秋の3連休の中日。さわやかな低山歩きを期待して、歴史豊かな福井県一乗谷朝倉氏遺跡へ出かけることにした。2004年正月のNHKドラマ「大友宗麟」のロケ地として復元城下町が使われているそうで、たいそうな観光客は覚悟しなければならない。それならばと、昨春に一度歩いた一乗城山をこの機会に歩こうと、木之本インターから北陸道に入った。一乗谷の駐車場に着いたのが10時30分頃だったが、思ったよりも空いていた。観光客の不思議そうな視線を受けながら、我々4名は登山靴に履き替え、山歩きの身支度。さすがに30リットルのザックは持たないが。10時40分、朝倉館跡をちょっとだけ見学し、山門を撮影(10時40分、写真左)。この山門は朝倉館の門ではなく、朝倉義景滅亡後に彼の菩提寺松雲院の唐門として設けられたもの。朝倉義景館では「御門」と称されていた。御門の両側は土塁で固められ、写真から左へ土塁をたどると櫓台も残っている。土塁の外は水濠で囲まれている。さて、ついつい時を過ごしてしまいそうになるので、先を急ぐ。今日のメインはこの一乗谷の背後に詰めの城として築かれた一乗城山である。「馬出」という地名が残る、大手筋と考えられる登山路を選ぶ。八幡神社の横を通る林道をしばらく歩く(10時54分、写真右)。

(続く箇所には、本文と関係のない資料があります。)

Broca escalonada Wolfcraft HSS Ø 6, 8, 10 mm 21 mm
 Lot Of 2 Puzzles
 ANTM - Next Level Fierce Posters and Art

しばらく林道を歩くと、登山口を示す標識が目に入る(10時58分、写真左)。ここから林道を離れて登山道に入る。登山道は水が流れ落ち、昨年の春ほどではないが、結構滑りやすい。秋の落ち葉がある分、多少は滑りにくいというものの、登山靴で正解と思えてくる。おまけにかなりの急勾配である。登山道の左右には大小さまざまな曲輪が多数認められ、大手筋を固める施設の存在がうかがわれる。さらに進むと、小見放城跡と呼ばれている、砦跡が登山道右に現れる。もちろん、すべて土造りの中世城郭である。登山道を離れて、斜面をよじ登り、堀切をのぞき込む。一乗城山の主郭部分に伸びる尾根とは砦跡の主郭部分との実効深度が10mにも及ぶ巨大な堀切で、一乗城山の主郭部分に対する大手筋の堅固な守りが実感される。11時13分、線刻された摩崖仏に到着(写真右)。三体の線刻仏が刻まれている。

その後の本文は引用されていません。